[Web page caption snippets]
┏━━

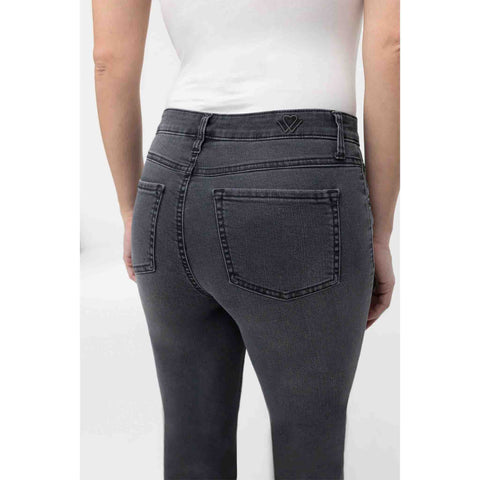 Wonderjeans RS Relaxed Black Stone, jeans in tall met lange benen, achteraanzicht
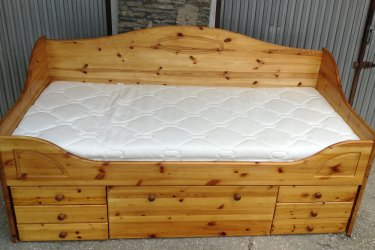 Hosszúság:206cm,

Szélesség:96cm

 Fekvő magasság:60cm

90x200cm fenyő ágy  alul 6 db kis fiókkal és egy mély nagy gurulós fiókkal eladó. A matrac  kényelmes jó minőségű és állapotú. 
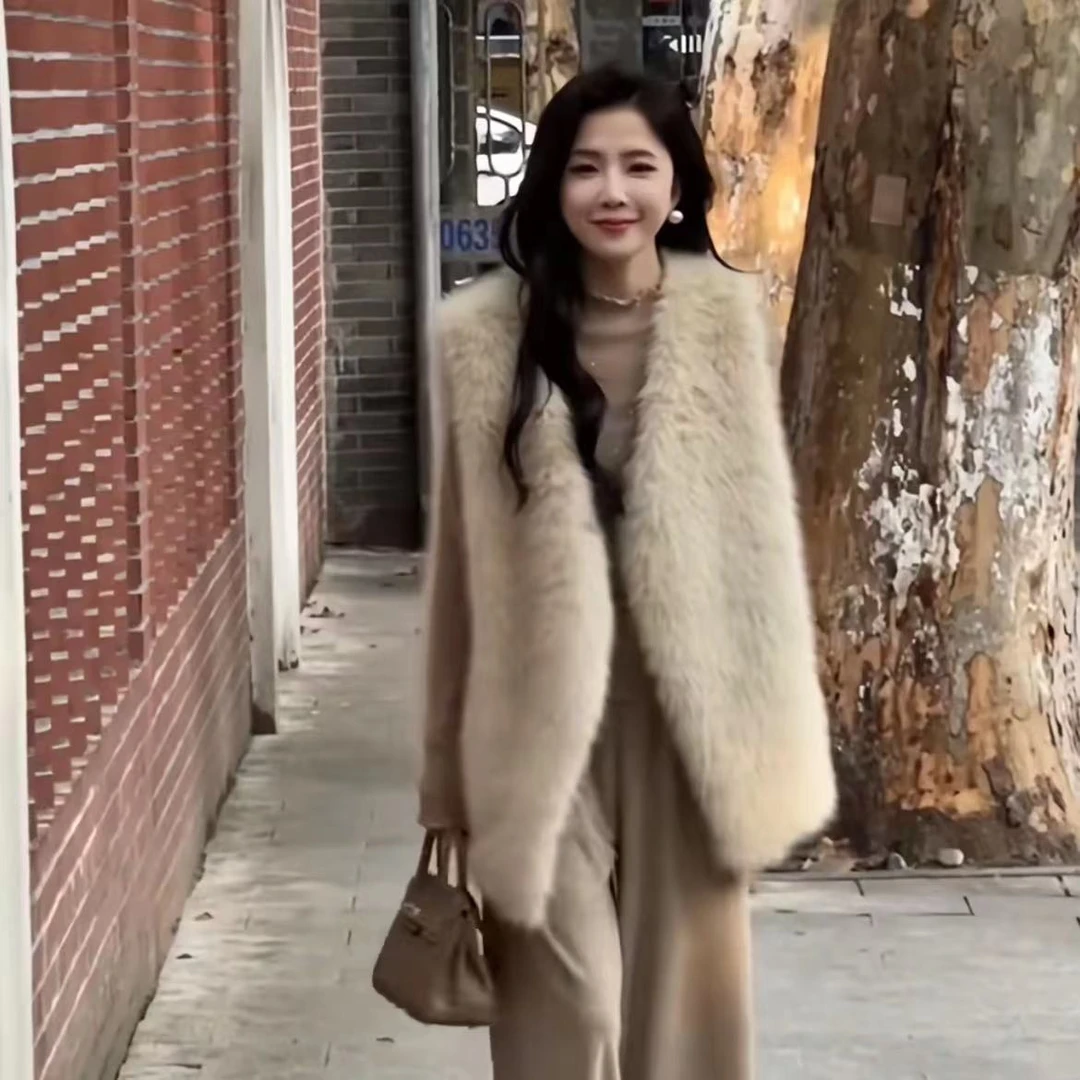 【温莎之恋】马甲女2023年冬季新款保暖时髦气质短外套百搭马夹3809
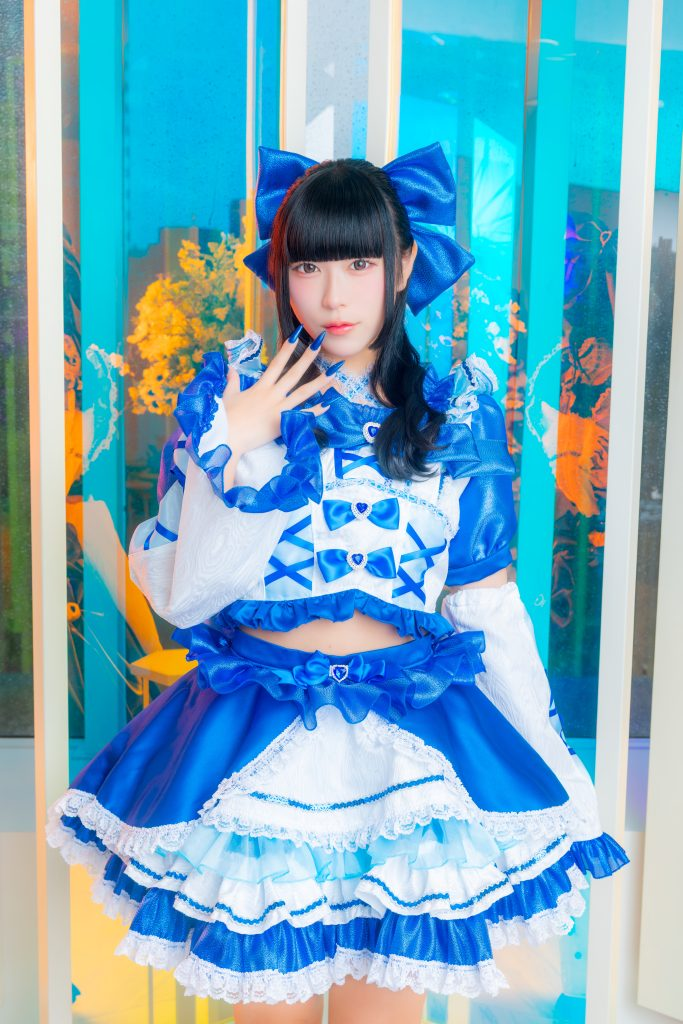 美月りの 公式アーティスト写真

┗━━

What is needed is an exact copy of all the entries above, minus the pictures.

• TASK ANSWER:
 Wonderjeans RS Relaxed Black Stone, jeans in tall met lange benen, achteraanzicht
 Hosszúság:206cm,

Szélesség:96cm

 Fekvő magasság:60cm

90x200cm fenyő ágy  alul 6 db kis fiókkal és egy mély nagy gurulós fiókkal eladó. A matrac  kényelmes jó minőségű és állapotú. 
 【温莎之恋】马甲女2023年冬季新款保暖时髦气质短外套百搭马夹3809
 美月りの 公式アーティスト写真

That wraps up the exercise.